Transcribe nothing except the lines below that run from the one with "Third place also" to the one with "When we specifically", ends included, and do not copy any picture.

___ Data for this task

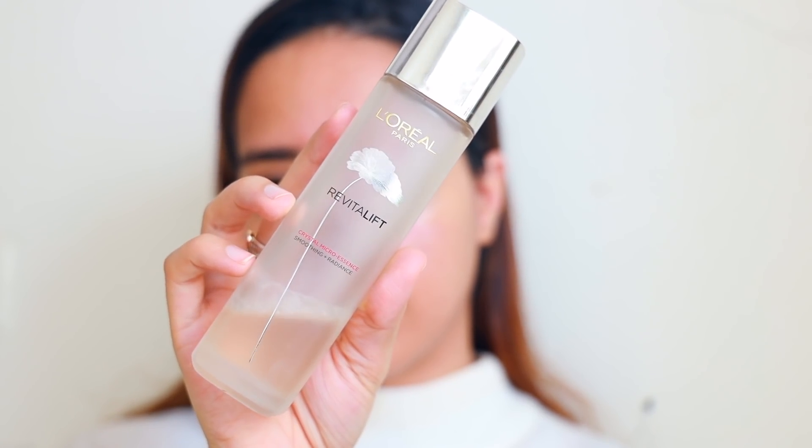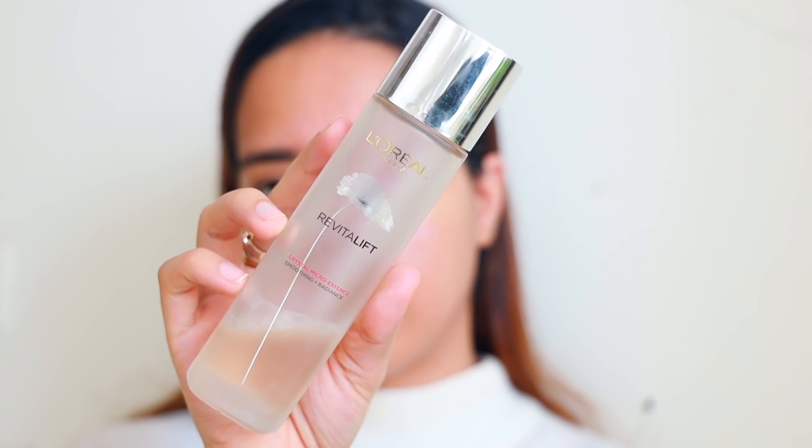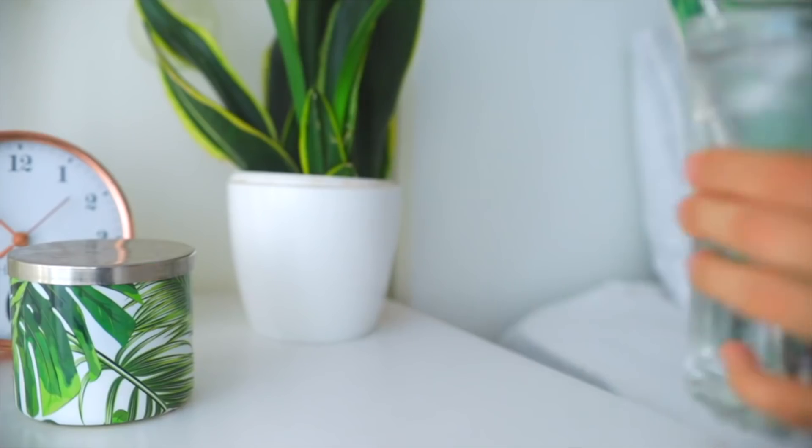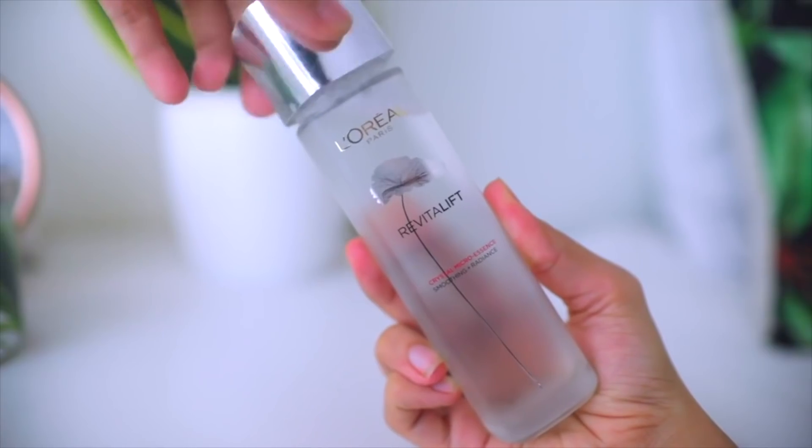Hi everyone, welcome back. In today's video I'll be talking about the L'Oreal Paris Crystal Micro Essence. I already have a video from back in May where I spoke at length about how to use this product and the packaging. In today's video I'm going to tell you about my personal experience with the product — I've been using it since March this year.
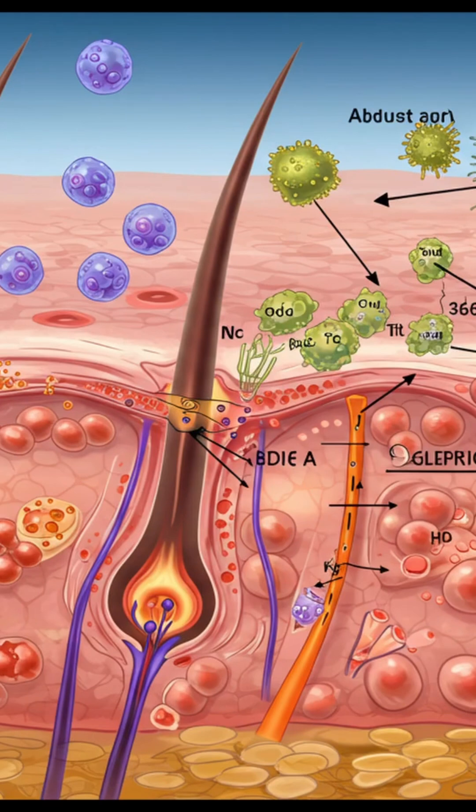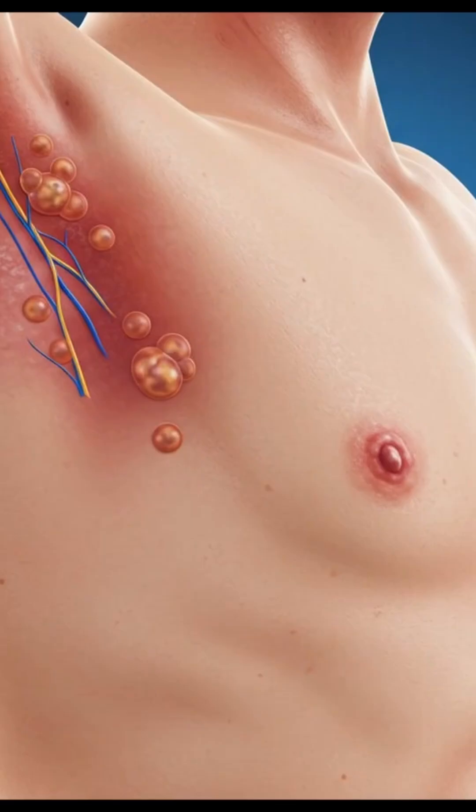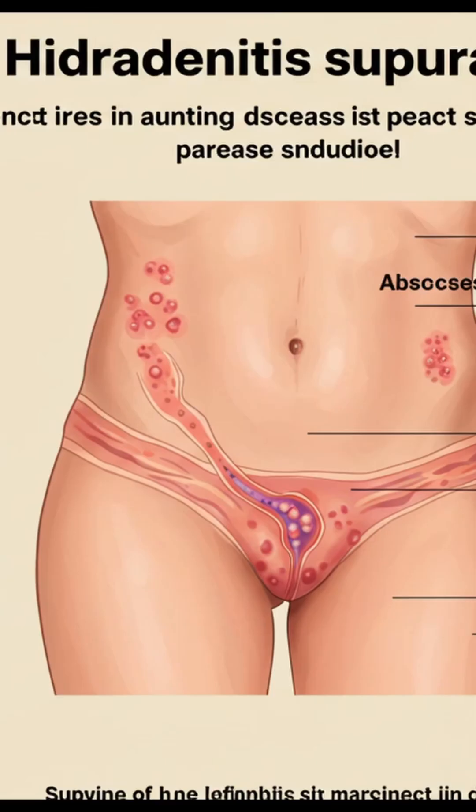We want to explore what really drives this chronic inflammatory skin issue — those recurring painful nodules, almost like abscesses, and these pus-filled tracts that show up in tricky areas like armpits, under the breasts, and the groin.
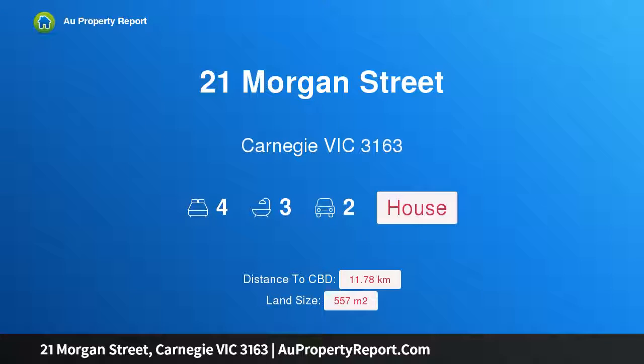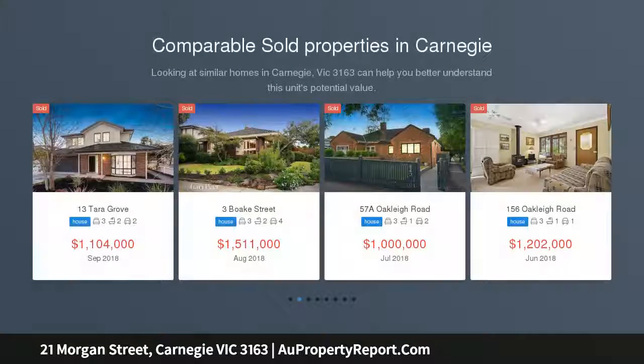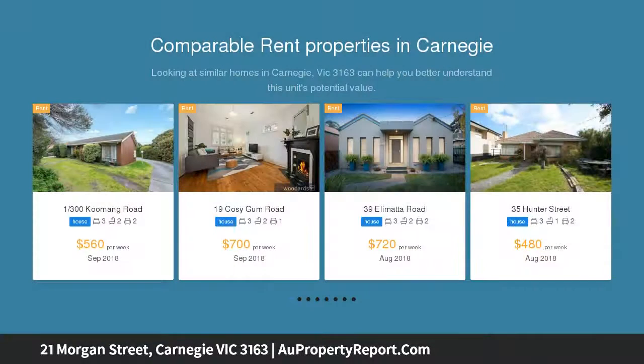Hi, I am glad to introduce 21 Morgan Street, Carnegie, Victoria 3163 — supreme family luxury in this coveted pocket. Brand new yet retaining its original facade, this exquisite four-bedroom, three-bathroom residence has been beautifully crafted to create a spectacular family home.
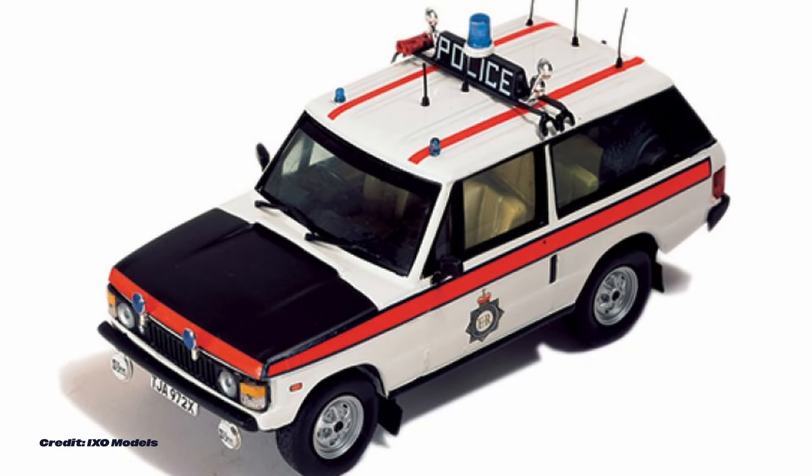If you've enjoyed this video, then make sure you head over to YouTube because all of the highlights from the Gaydon Land Rover Show are on there right now.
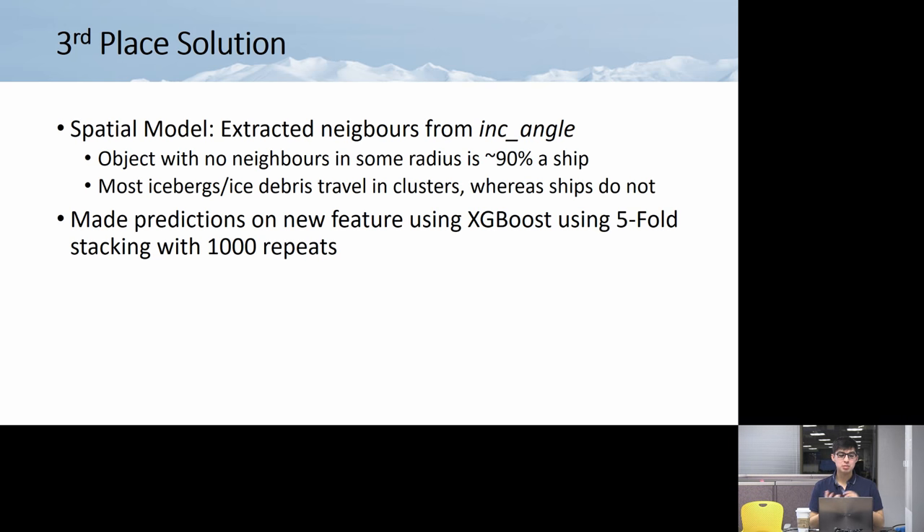Third place also had a spatial model. They extracted neighbors from the incidence angle window. Their key observation: if an object is alone — if within a window of incidence angle there is no other object — 90% of the time it's not an iceberg. Icebergs tend to travel in groups, so a lone object is likely a ship. Ships also try to stay away from icebergs. They then made predictions on new features using XGBoost with five-fold stacking and a thousand stages.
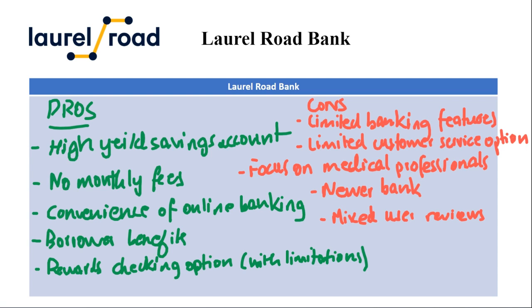The verdict: Laurel Road can be a good fit for those seeking a high yield savings account, convenient online banking, and potentially competitive loan rates, especially for certain professions. However, if you prefer the security of a traditional bank with branches, extensive customer service options, or a wider range of account features, other alternatives might be more suitable. It's wise to compare Laurel Road with established online banks before making a decision.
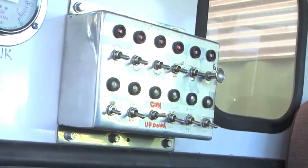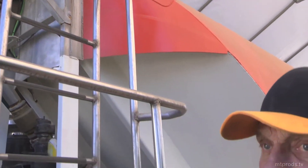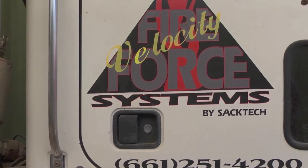It's controlled through these controls right here, and that monitor up on top turns 180 degrees each way. It also goes up and down 60 degrees with this rig right here. Velocity Fire Force System.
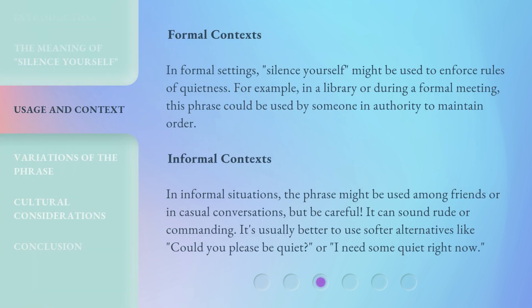Formal contexts. In formal settings, 'silence yourself' might be used to enforce rules of quietness. For example, in a library or during a formal meeting, this phrase could be used by someone in authority to maintain order.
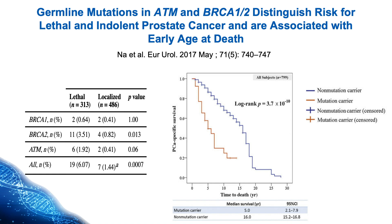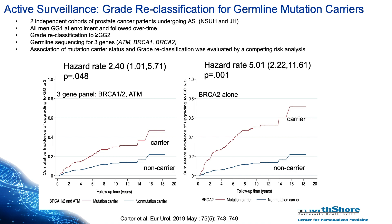When we specifically look at their performance in active surveillance, we see not surprisingly that these men don't fare as well. Looking at men in either a Hopkins or a North Shore University active surveillance protocol, we see that men who have germline mutations for either ATM, BRCA1, or BRCA2 had an increased rate of being recategorized to higher-grade cancer over time. Men with these mutations seem to fail or be recategorized at earlier time points. These graphs demonstrate that men with any of these mutations were significantly more likely to be recategorized into grade group 3 or higher, supporting that they predispose to higher-grade or more aggressive cancer.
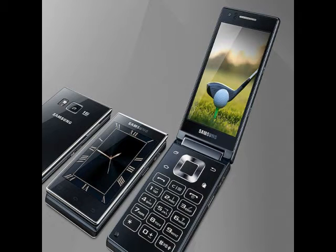The Samsung SMG9198 runs on Android; however, the official listing does not specify the exact version. It offers dual-SIM support and comes with 4G LTE, 3G, and 2G connectivity options. The Samsung China listing reveals that the handset supports China Mobile or China Unicom 4G networks.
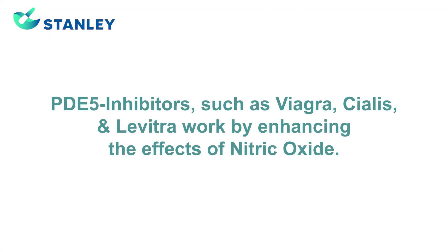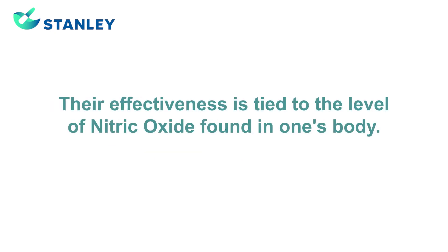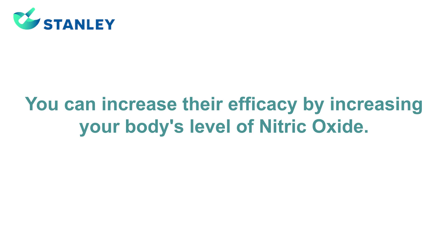We work with a lot of men who suffer from erectile dysfunction, and many of the common treatments for erectile dysfunction focus on nitric oxide. Medications like Viagra, Cialis, and Levitra are what are called PDE5 inhibitors. These medications are basically working with whatever level of nitric oxide you have in your system.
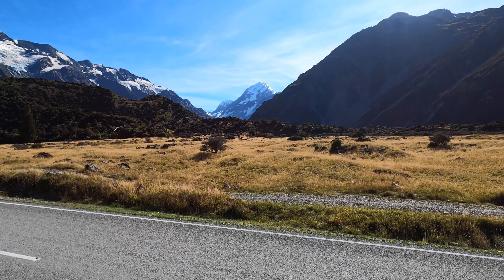Look at that — the glaciated valley and all the mineral-rich water coming down. There's a swing bridge over there heading out to the lake.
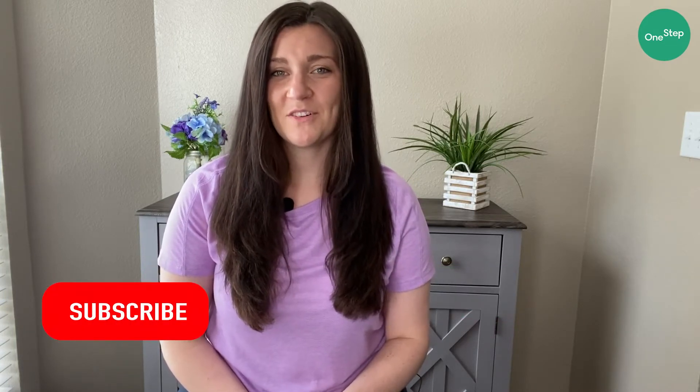Before we get started, don't forget to subscribe to our channel so that you can stay up to date for when we release new videos.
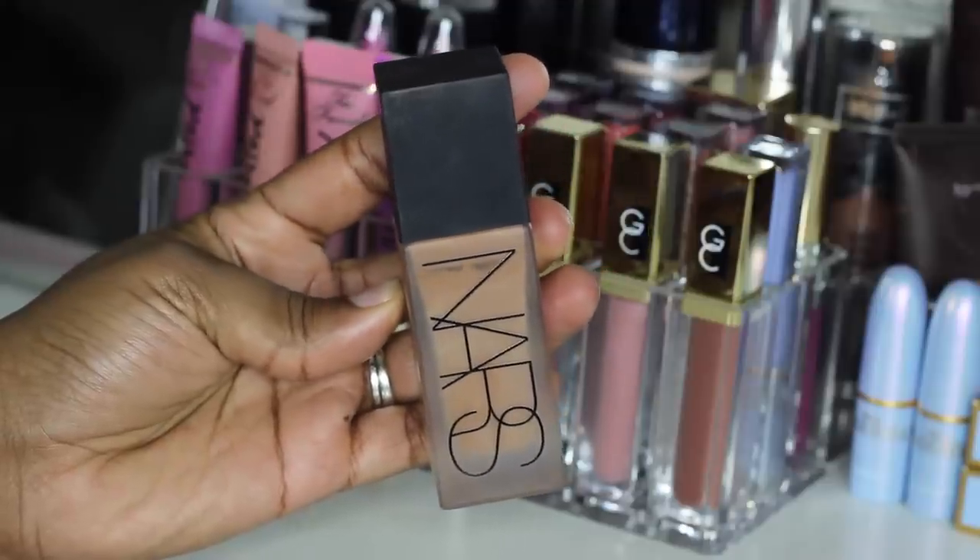First we are going to start with foundation. I have a new high-end and drugstore foundation love. I did a review on both of these, but the high-end is the new NARS All Day Luminous Weightless Foundation. I did a full review on this and it is so absolutely stunning. I am oily — I have oily combo skin. I absolutely do recommend it for oily combo skin as well as dry skin, depending on how dry your skin is. I've heard from some dry skin people it doesn't necessarily work for them, but I love the coverage, I love how lightweight it is, I love that it has a pump, I love the color match. I love this foundation, so I will leave a link to my review so you can check that out.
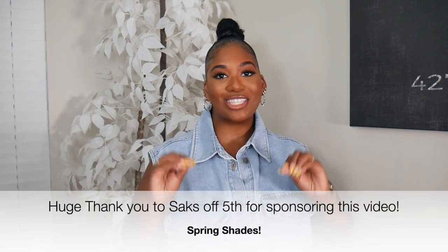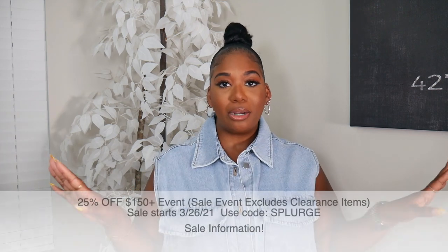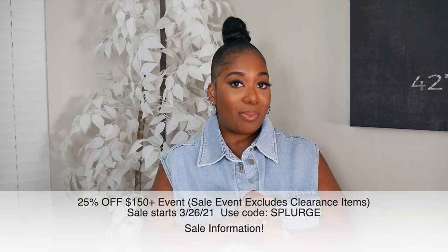I upload twice a week, Tuesdays and Thursdays, but sometimes I'll put out a bonus video on Sunday, so I don't want you to miss any of them. I am back from luxuriating on my vacation — well rested and ready to get into some spring content. Today's video is all about sunglasses I picked up from Saks Off Fifth. I love sunglasses, and you guys always ask me where I get mine. Nine times out of ten, especially for designer sunglasses, I get them for less than retail.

______

### Final answer
Third place also had a spatial model. They extracted neighbors from the incidence angle window. Their key observation: if an object is alone — if within a window of incidence angle there is no other object — 90% of the time it's not an iceberg. Icebergs tend to travel in groups, so a lone object is likely a ship. Ships also try to stay away from icebergs. They then made predictions on new features using XGBoost with five-fold stacking and a thousand stages.
The verdict: Laurel Road can be a good fit for those seeking a high yield savings account, convenient online banking, and potentially competitive loan rates, especially for certain professions. However, if you prefer the security of a traditional bank with branches, extensive customer service options, or a wider range of account features, other alternatives might be more suitable. It's wise to compare Laurel Road with established online banks before making a decision.
It's controlled through these controls right here, and that monitor up on top turns 180 degrees each way. It also goes up and down 60 degrees with this rig right here. Velocity Fire Force System.
Formal contexts. In formal settings, 'silence yourself' might be used to enforce rules of quietness. For example, in a library or during a formal meeting, this phrase could be used by someone in authority to maintain order.
When we specifically look at their performance in active surveillance, we see not surprisingly that these men don't fare as well. Looking at men in either a Hopkins or a North Shore University active surveillance protocol, we see that men who have germline mutations for either ATM, BRCA1, or BRCA2 had an increased rate of being recategorized to higher-grade cancer over time. Men with these mutations seem to fail or be recategorized at earlier time points. These graphs demonstrate that men with any of these mutations were significantly more likely to be recategorized into grade group 3 or higher, supporting that they predispose to higher-grade or more aggressive cancer.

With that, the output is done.